----- Materials provided

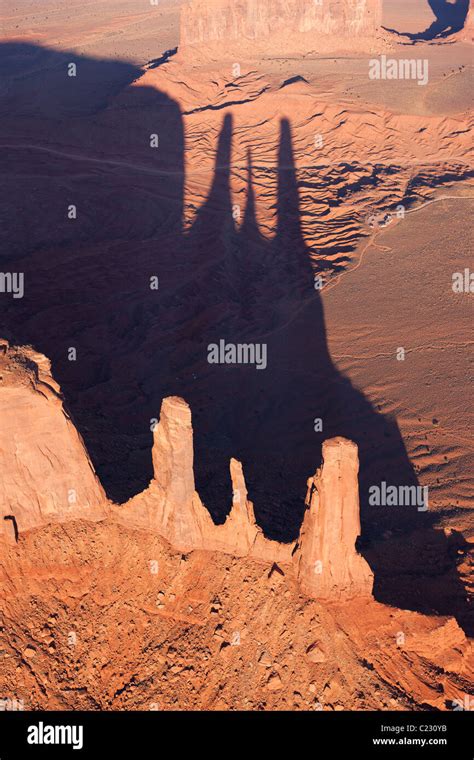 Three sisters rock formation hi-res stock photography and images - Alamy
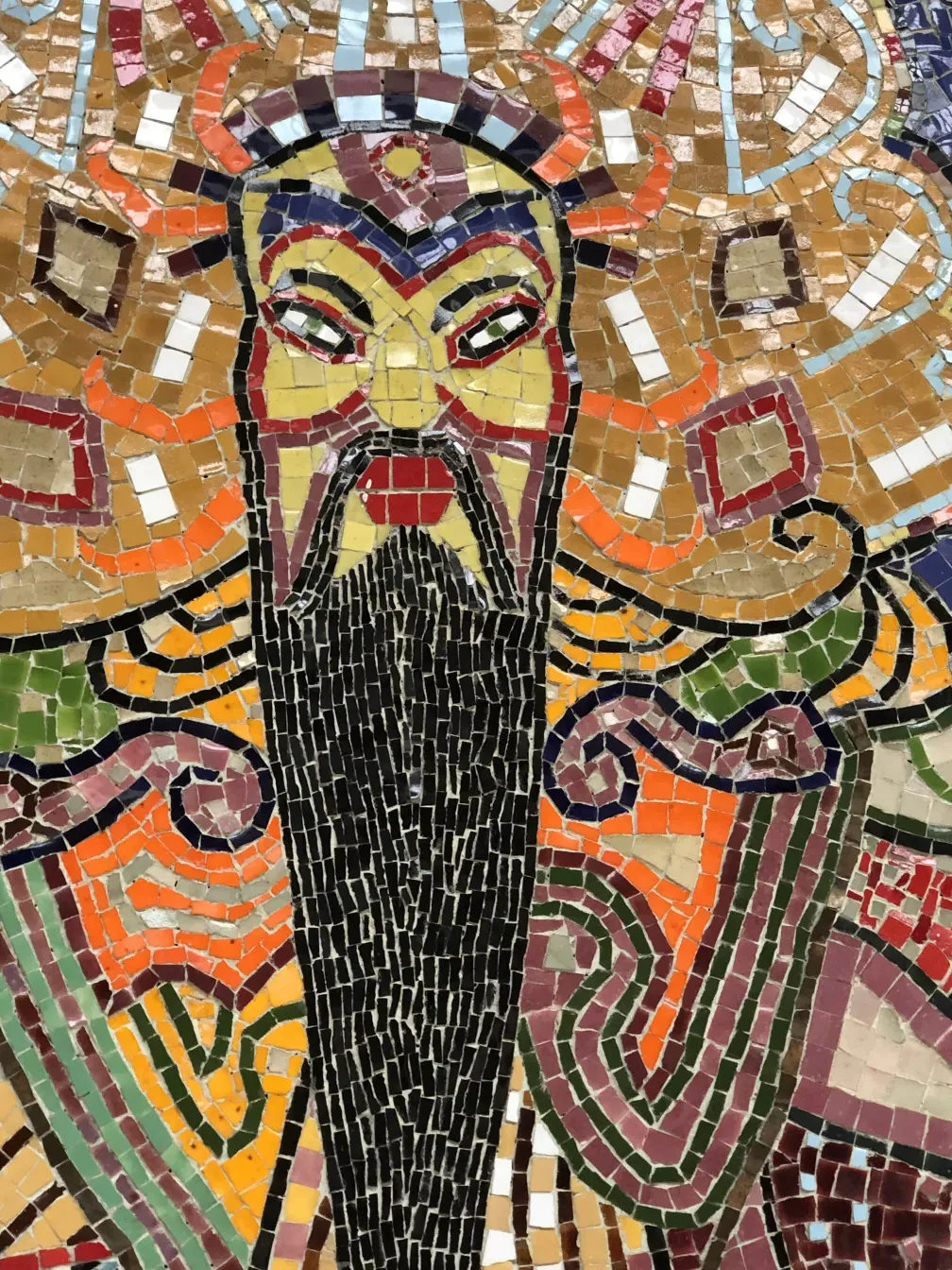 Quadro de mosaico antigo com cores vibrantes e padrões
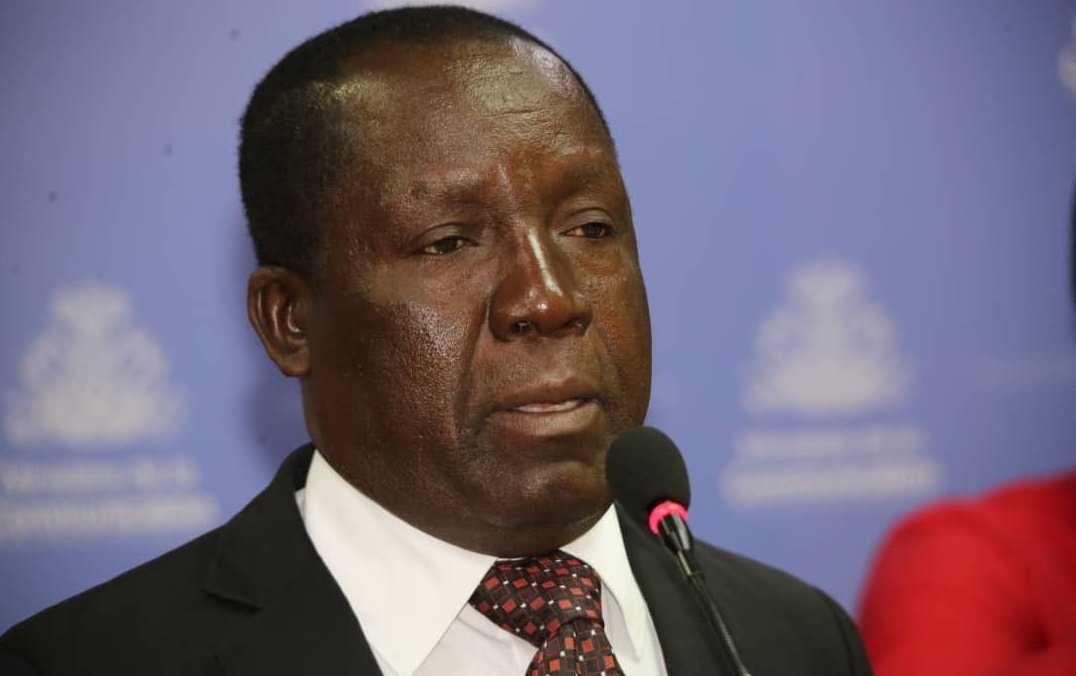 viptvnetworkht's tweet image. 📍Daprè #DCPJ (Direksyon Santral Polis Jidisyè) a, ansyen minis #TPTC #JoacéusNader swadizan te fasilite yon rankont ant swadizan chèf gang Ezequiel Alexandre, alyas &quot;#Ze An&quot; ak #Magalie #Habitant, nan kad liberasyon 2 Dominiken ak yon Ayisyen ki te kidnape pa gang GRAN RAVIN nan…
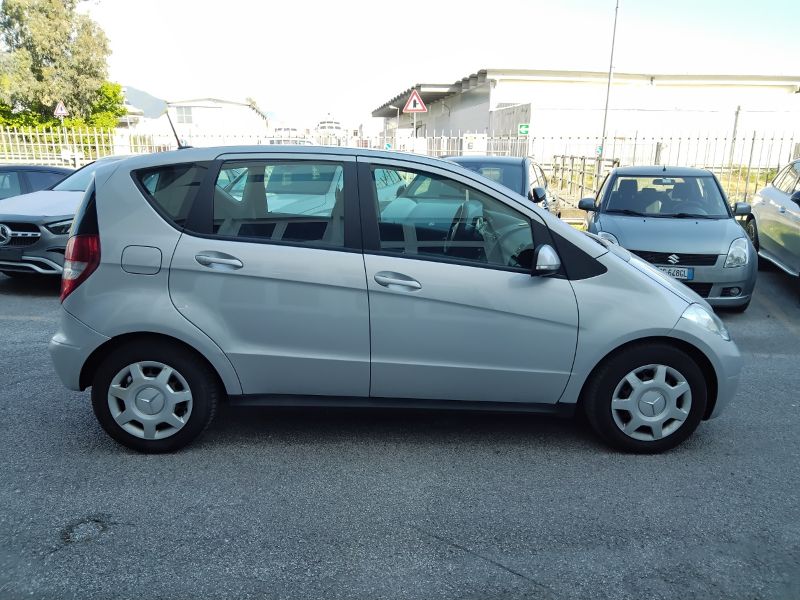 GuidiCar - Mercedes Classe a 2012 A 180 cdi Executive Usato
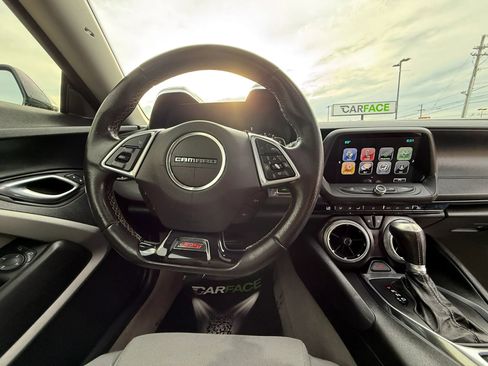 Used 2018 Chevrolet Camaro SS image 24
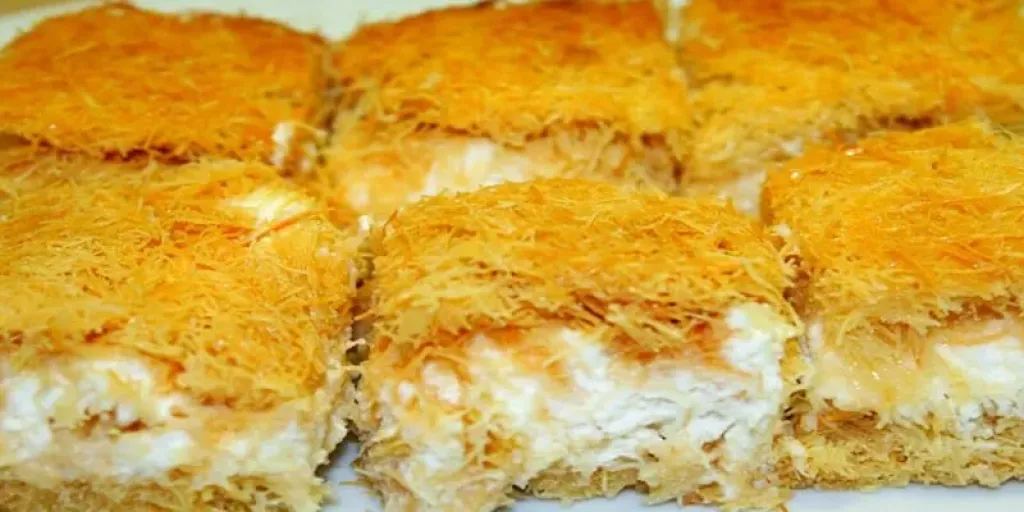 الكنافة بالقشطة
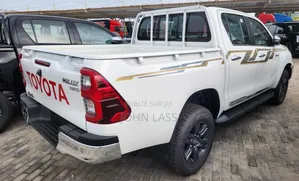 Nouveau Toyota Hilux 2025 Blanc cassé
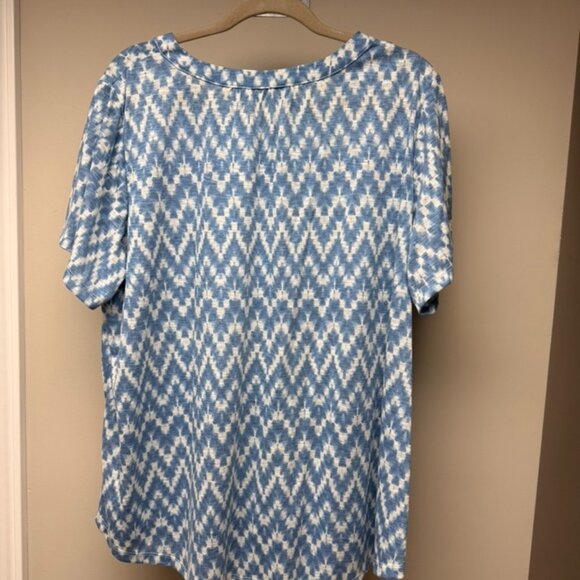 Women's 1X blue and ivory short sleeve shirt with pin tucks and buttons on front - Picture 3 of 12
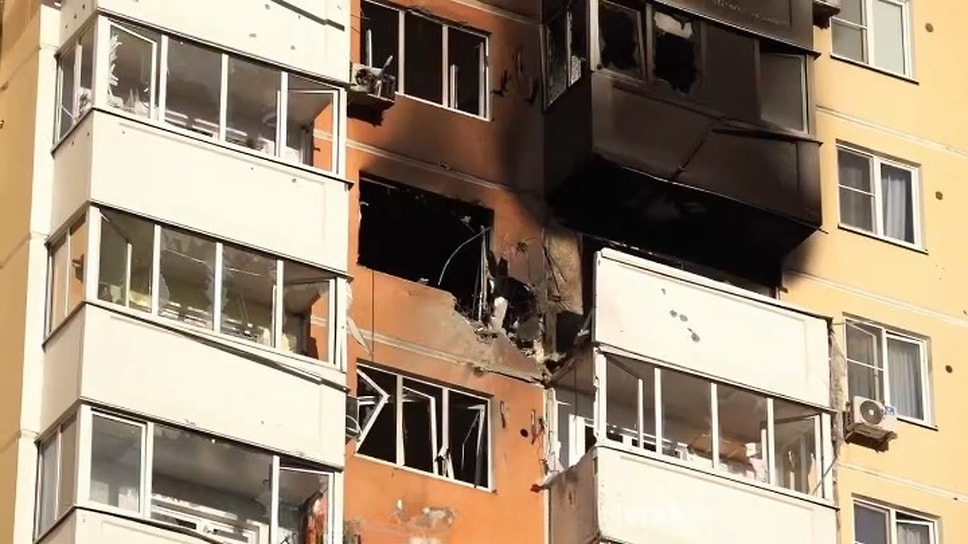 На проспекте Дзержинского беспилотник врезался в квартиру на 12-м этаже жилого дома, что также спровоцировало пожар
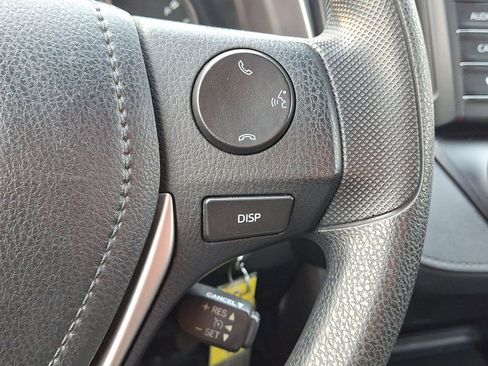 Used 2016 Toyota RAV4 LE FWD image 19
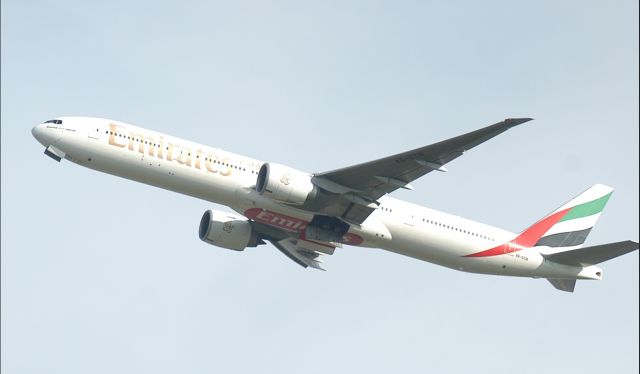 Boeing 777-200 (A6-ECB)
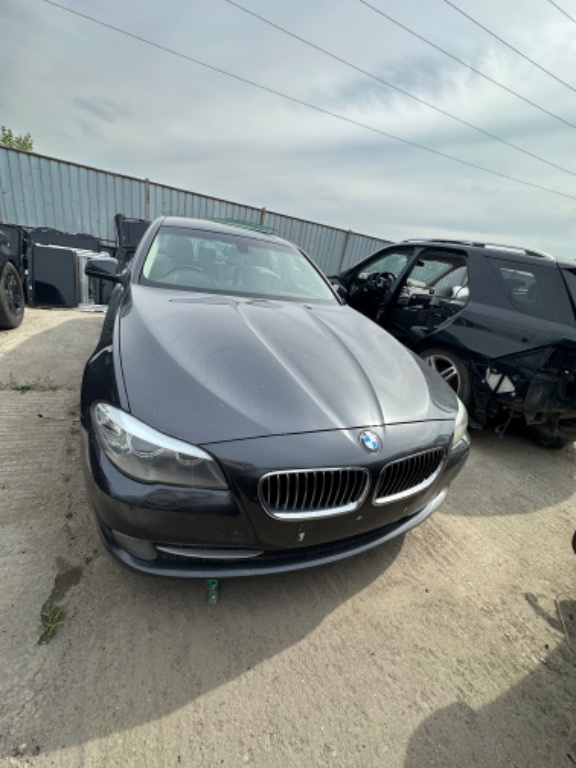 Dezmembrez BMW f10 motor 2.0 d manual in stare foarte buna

----------

*Brief*
Once the line holding "GuidiCar - Mercedes" is found, set it down along with every line after it through the end of the entries, exactly, leaving the pictures out.

*Written response*
 GuidiCar - Mercedes Classe a 2012 A 180 cdi Executive Usato
 Used 2018 Chevrolet Camaro SS image 24
 الكنافة بالقشطة
 Nouveau Toyota Hilux 2025 Blanc cassé
 Women's 1X blue and ivory short sleeve shirt with pin tucks and buttons on front - Picture 3 of 12
 На проспекте Дзержинского беспилотник врезался в квартиру на 12-м этаже жилого дома, что также спровоцировало пожар
 Used 2016 Toyota RAV4 LE FWD image 19
 Boeing 777-200 (A6-ECB)
 Dezmembrez BMW f10 motor 2.0 d manual in stare foarte buna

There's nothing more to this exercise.